While there are slight differences between Protestantism and Catholicism, mainly in timing of prayers, visitations or cremations, they both follow a similar pattern and require similar prayers. While in a Catholic funeral, the priest will bless the ground or mausoleum a body (or ashes) is to be interred in, the Protestants feel only a few prayers and a committal is necessary. Headstones are popular among the Christian faiths. Historically a headstone not only proclaimed the importance of a person, but also the family’s wealth. Those buried in unmarked graves were often seen as too poor, lowly or shameful to earn a marker.
Death is a natural part of the rebirth cycle for Buddhists called Samsara and is found in their foundational texts. This cycle continues and the next life is dependent on Karma accumulated in your current life until you reach nirvana (enlightenment). These ideas are unusual to anyone brought up in the Christian faith, and the practices surrounding funerals are equally unfamiliar and can differentiate not only between the various sects of Buddhism, but also schools of belief. Normally, friends and family will prepare a person who is near to death, encourage them to keep calm and make efforts towards a peaceful state of mind. Once the person has passed, the body cannot be touched, washed or moved until completely cold. This is due to some Buddhists believing in instantaneous rebirth and being concerned that disturbing the body will disturb this process.
For funerals, a body is dressed not in finery, as expected, but instead in their everyday clothes, while mourning family wear white clothes or a white cloth. The flowers are white or yellow and the hallmark of a Buddhist festival is peace and serenity.
Cremation is preferred to embalming or burial, however Buddhism is very lenient especially regarding organ donation and other more modern practices. Though a Buddhist funeral is about mourning the deceased, it is also meant to help those attending realise the transiency of life and their own mortality. If you are attending a Buddhist funeral and would like to know more about what to expect, Urban Dharma have a complete guide available.
Though there are many different practices for different factions of the Jewish faith, there are some rituals that must always be observed. These include burying the body as soon after death as possible. The traditional custom is within 24 hours, however due to scattered families, it can be extended to a couple of days, though the funeral cannot fall on many of the Jewish holidays.
A traditional casket should be plain and fully bio degradable. Kosher caskets lack nails to help the deceased on their way and allow them to decompose in a natural fashion. Since embalming is almost expressly forbidden (unless subject to local laws) the casket is almost always closed and present at the service.

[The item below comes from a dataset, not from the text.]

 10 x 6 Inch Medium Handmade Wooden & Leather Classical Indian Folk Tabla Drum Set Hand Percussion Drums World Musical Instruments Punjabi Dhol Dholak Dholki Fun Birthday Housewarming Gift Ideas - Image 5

The designated mourners (parents, siblings, children and spouse) will often not greet the attendees until after the burial.
A Hindu funeral is one of rituals and rites that are centred on traditional beliefs. As with other faiths, a funeral is to take place as soon as possible after the passing, traditionally the next dusk or dawn, and touching the body at this point is not done as it is seen as impure. There is much ritual surrounding the washing of the body, and this is to be done by family members only. The solution the body can be washed in varies, however the head should be facing south during this process and mantras spoken.

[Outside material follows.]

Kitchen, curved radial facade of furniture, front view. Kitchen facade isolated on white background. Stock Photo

It is traditional for Hindus to be cremated and customarily only men attend the cremation. A key element to Hindu funerals is submerging the ashes into the Ganges, though as more Hindus live outside of India, it is becoming practice to submerge ashes in geographically or personally relevant rivers. 13 days of mourning follows the funeral, and during this time the family stays at home and receives visitors and well-wishers. A photo of the deceased may be displayed and garlanded with flowers to help focus their mourning.
Pagan funerals have a lack of customs and rituals. Though the four elements have a strong significance and the goddess plays a part, the wishes of the deceased are key to the shape and structure of the funeral.

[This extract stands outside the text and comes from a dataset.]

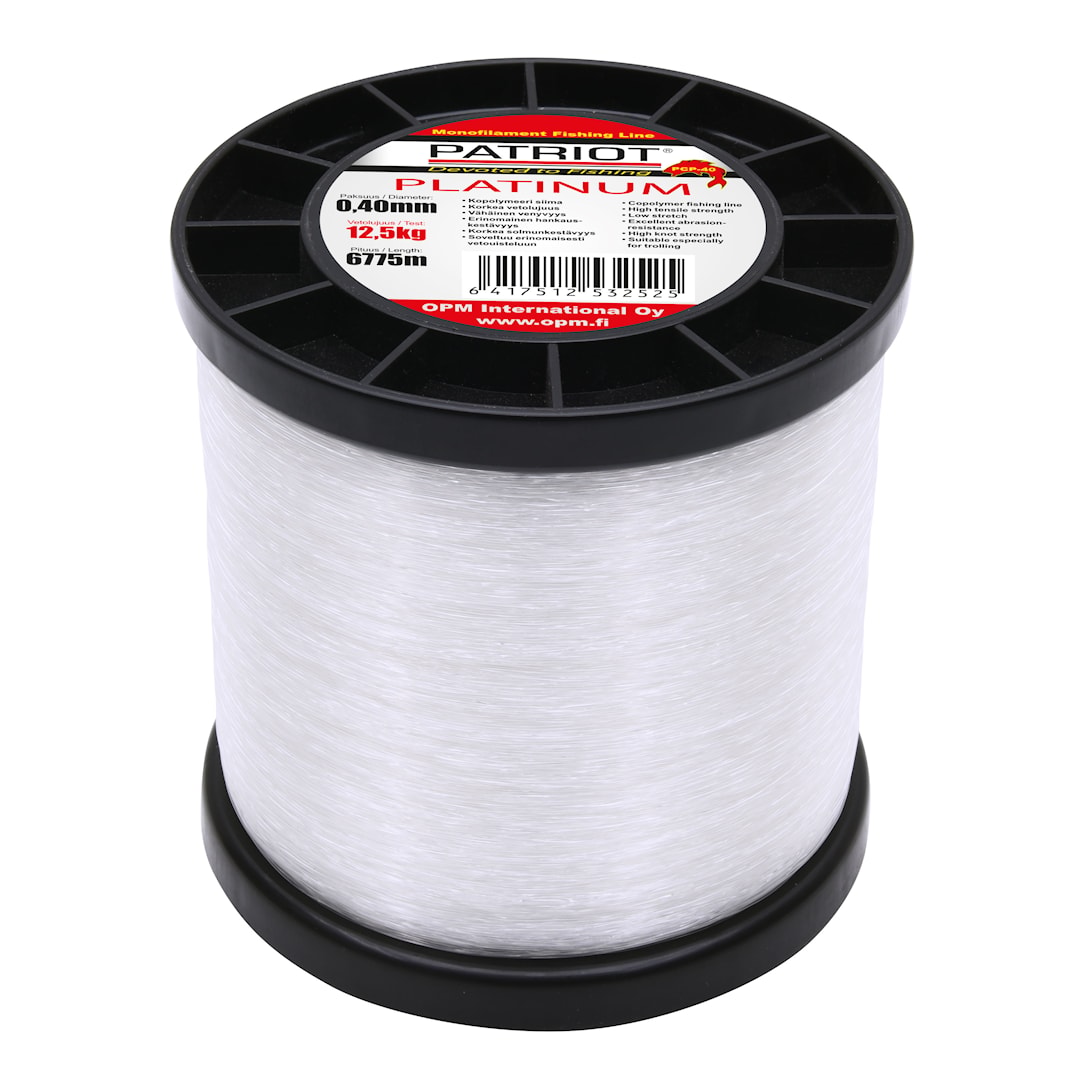 Patriot Platinum Monofiilisiima ,40Mm ,50Kg 6775M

The washing of the body is an important indication of respect, sometimes plain water is used, sometimes sea water is added and some people prefer rosemary to be added to the water as it is a herb renowned for its purifying and protecting properties. Both burial and cremation is the norm for pagan practices, though ashes from cremation are often scattered or spread as opposed to being buried. There are other days that are specifically about honouring the dead within the system of pagan beliefs and the most important of this is Halloween, so while there may be a small and intimate ceremony soon after the death of a pagan, there will be a second remembering on Halloween. Neo Polytheist explores the historic traditions between the different pagan sects and how this informs modern pagan rituals today.